The Khuntan Batholith is part of the Triassic–Jurassic eastern marginal belt of the Northern Thailand Granite Province. Most of the batholith consists of coarse-grained, porphyritic to megacrystic biotite–muscovite granite (Huai Mae San unit). However, the southeastern part, called the Muang Yao unit, consists of coarse- to medium-grained muscovite and muscovite–tourmaline granite and is associated with Sn–W mineralization. The Huai Mae San granite has S-type petrological features typical of batholiths in the eastern marginal belt, which formed in a syn-collisional setting. The more silicic Muang Yao granite differs chemically from felsic S-type granite, for example in extreme Rb–Y–Nb enrichment and Ba–Sr–Zr depletion, probably as a result of late-stage fluid alteration.
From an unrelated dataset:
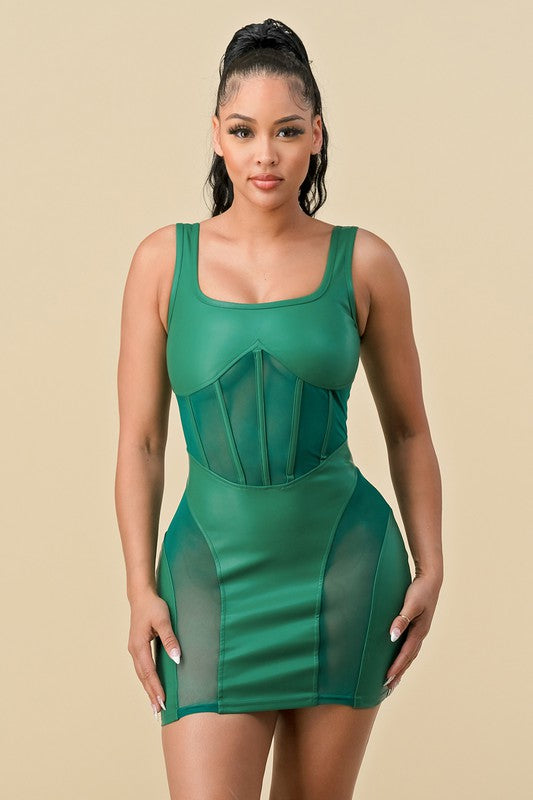 Green Faux Leather Mini Dress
Vein-hosted deposits of cassiterite, scheelite, and wolframite associated with minor sulfides occur in both the Muang Yao granite and adjacent metamorphic rocks. Fluid-inclusion studies indicate that both aqueous and aqueous-carbonic fluids of low salinity (0–8 wt% equiv. NaCl) were involved in vein formation, and were subject to pressure fluctuation between essentially lithostatic and hydrostatic conditions. Dilution of magmatic hydrous fluid by influx of meteoric water may explain the anomalously low salinity. Oxygen isotope data support a primary magmatic origin for the fluid, and indicate temperatures of ca. 400 °C for ore deposition. The three vein-type Sn–W deposits of this study represent a spectrum from an endogranite vein system to proximal-intermediate vein systems of magmatic-hydrothermal origin.